Work to be completed: Output the listing below exactly, minus its images.

Dataset extract:
#####

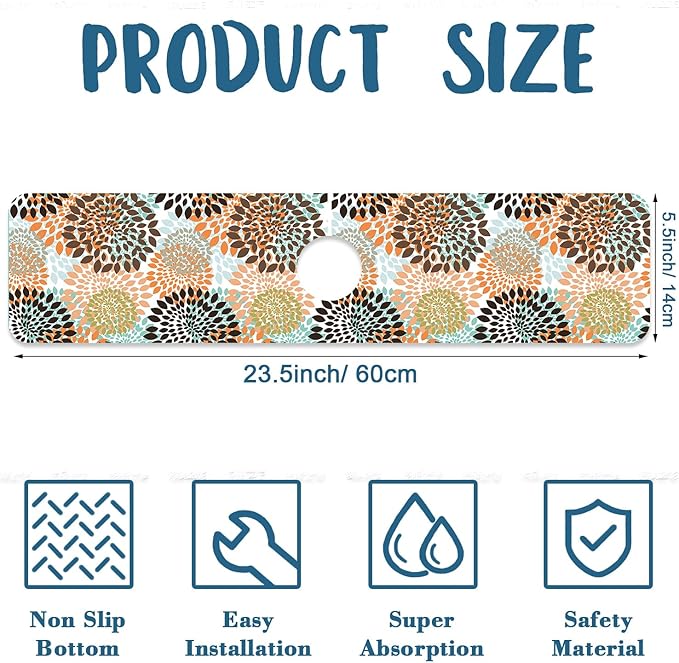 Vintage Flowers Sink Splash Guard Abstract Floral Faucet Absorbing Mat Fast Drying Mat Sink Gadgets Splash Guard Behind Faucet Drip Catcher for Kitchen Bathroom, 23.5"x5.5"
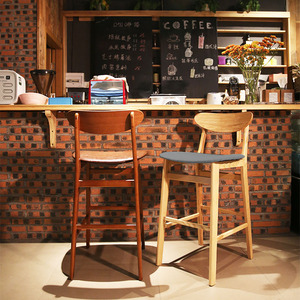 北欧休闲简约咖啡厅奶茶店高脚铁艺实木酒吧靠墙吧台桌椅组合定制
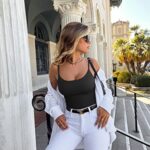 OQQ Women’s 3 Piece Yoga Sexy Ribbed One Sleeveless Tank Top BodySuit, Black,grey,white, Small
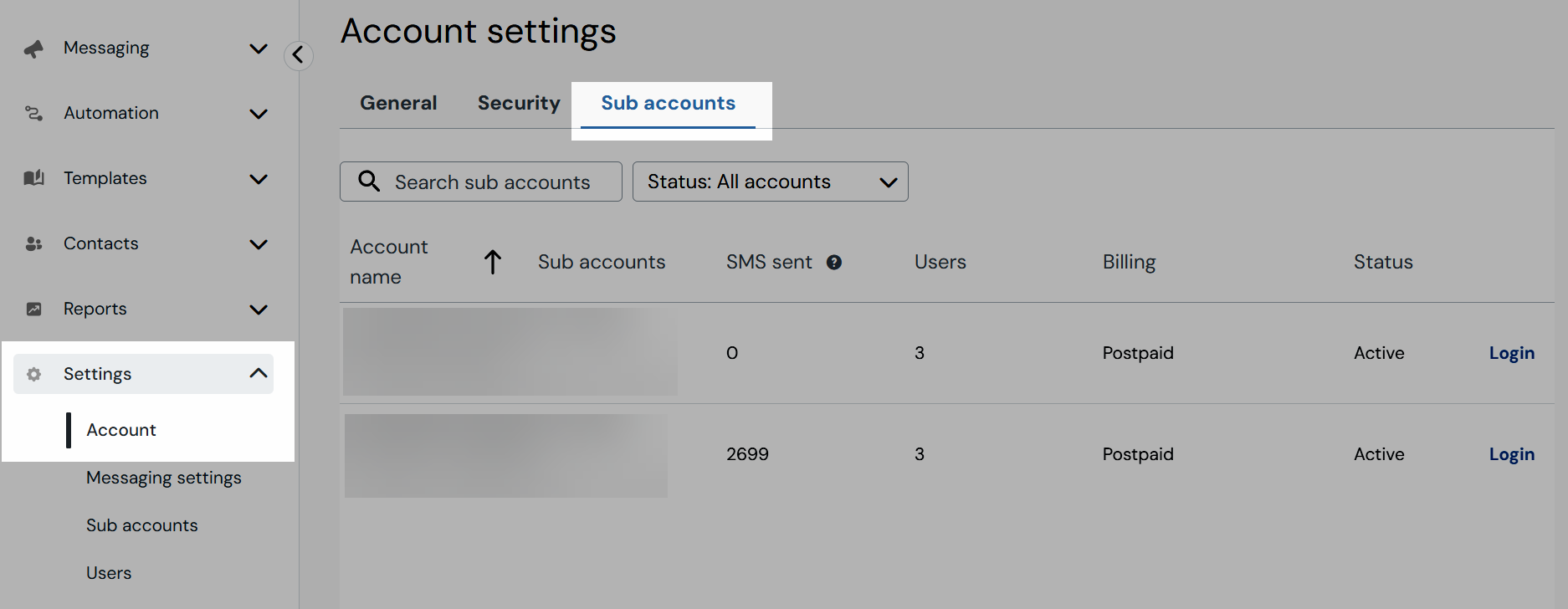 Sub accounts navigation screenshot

#####

Your solution:
 Vintage Flowers Sink Splash Guard Abstract Floral Faucet Absorbing Mat Fast Drying Mat Sink Gadgets Splash Guard Behind Faucet Drip Catcher for Kitchen Bathroom, 23.5"x5.5"
 北欧休闲简约咖啡厅奶茶店高脚铁艺实木酒吧靠墙吧台桌椅组合定制
 OQQ Women’s 3 Piece Yoga Sexy Ribbed One Sleeveless Tank Top BodySuit, Black,grey,white, Small
 Sub accounts navigation screenshot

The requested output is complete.